Activity
Search the entries for the word "with". Copy every line where it turns up.

Stored data
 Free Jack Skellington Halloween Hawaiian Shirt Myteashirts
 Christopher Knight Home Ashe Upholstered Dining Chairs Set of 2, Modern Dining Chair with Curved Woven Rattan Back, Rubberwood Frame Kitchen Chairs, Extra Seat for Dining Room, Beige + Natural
* * *
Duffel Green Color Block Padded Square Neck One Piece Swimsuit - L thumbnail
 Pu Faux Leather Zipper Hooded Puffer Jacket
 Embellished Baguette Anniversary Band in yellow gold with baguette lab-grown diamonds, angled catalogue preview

Answer space
 Christopher Knight Home Ashe Upholstered Dining Chairs Set of 2, Modern Dining Chair with Curved Woven Rattan Back, Rubberwood Frame Kitchen Chairs, Extra Seat for Dining Room, Beige + Natural
 Embellished Baguette Anniversary Band in yellow gold with baguette lab-grown diamonds, angled catalogue preview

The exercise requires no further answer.